Kunce v. Robinson
Decision Date | 14 May 1985 |
Docket Number | No. 84-2185,84-2185 |
Citation | 469 So.2d 874,10 Fla. L. Weekly 1209 |
Parties | 10 Fla. L. Weekly 1209 Thelma Jean Ulery KUNCE and Ruth F. Ulery Whitaker, Appellants, v. Duane H. ROBINSON, as Trustee, Appellee. |
Court | Florida District Court of Appeals |
Don R. Livingstone, South Miami, for appellants.
Alfred J. Anton, Miami, for appellee.
Before SCHWARTZ, C.J., and BARKDULL and JORGENSON, JJ.
On June 24, 1980, Ruth Freda Ulery executed an instrument creating an entirely revocable inter vivos, so-called "living," trust, into which she placed essentially all her real and personal property. Her nephew Duane H. Robinson was named trustee.
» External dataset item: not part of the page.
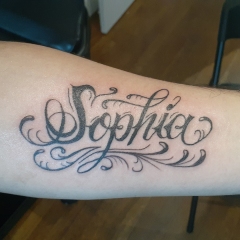 Sophia Name Tattoo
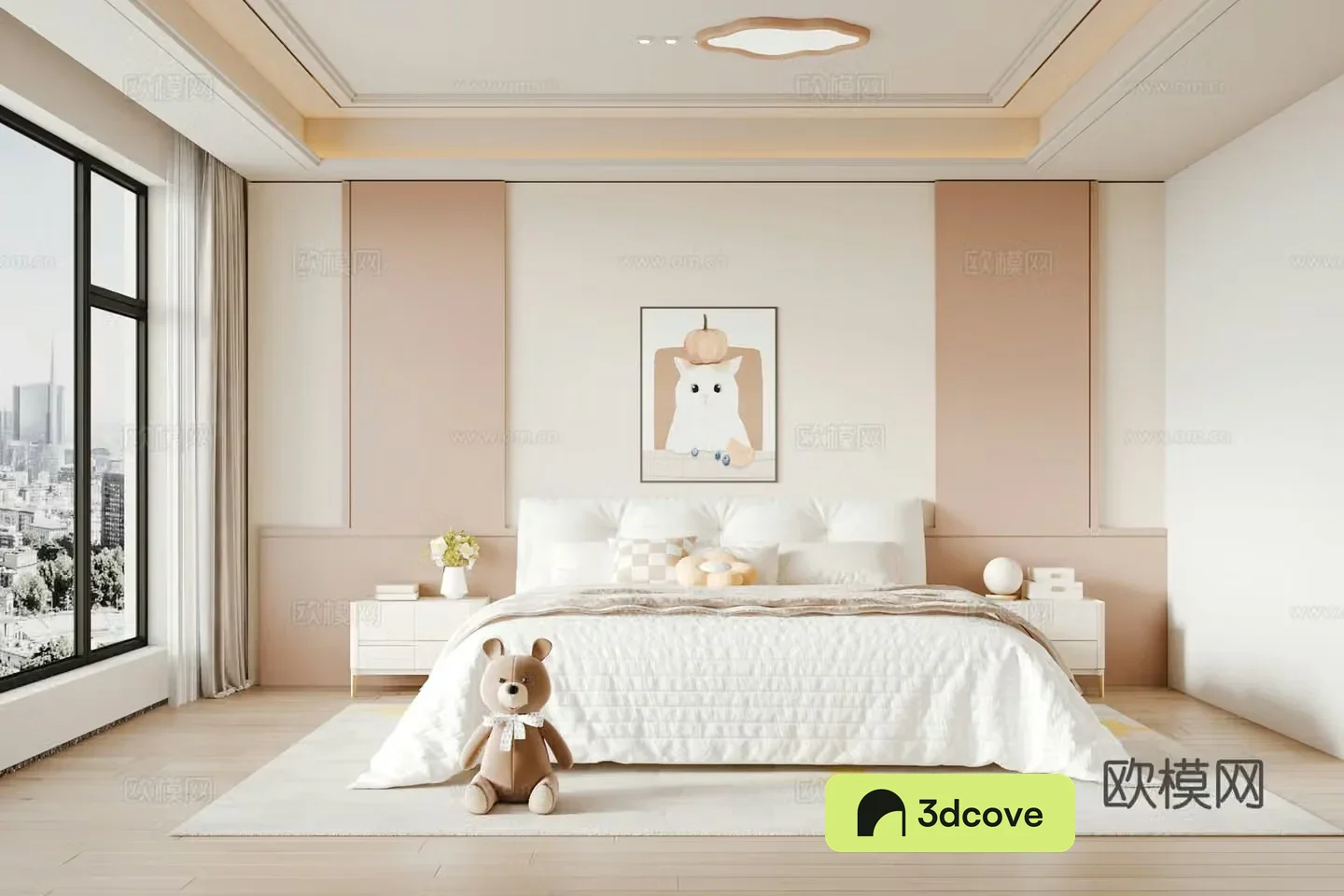 Modern girl room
The purposes of the trust were stated to be for the benefit of the grantor during her lifetime and then for her children and grandchildren. 1 Accordingly, the key provision, which set forth the beneficiaries, provided:
Management and Distribution of Income and Principal of the Trust
A. During the lifetime of the Grantor, the Trustee shall manage the trust property and shall make distributions of income and principal in accord with the provisions of this Trust for the benefit of the Grantor. After Grantor's death, the Trustee shall manage the trust property and shall make distributions of income and principal in accord with the provisions of this Trust for the benefit of Grantor's children and the natural born children of Grantor's children.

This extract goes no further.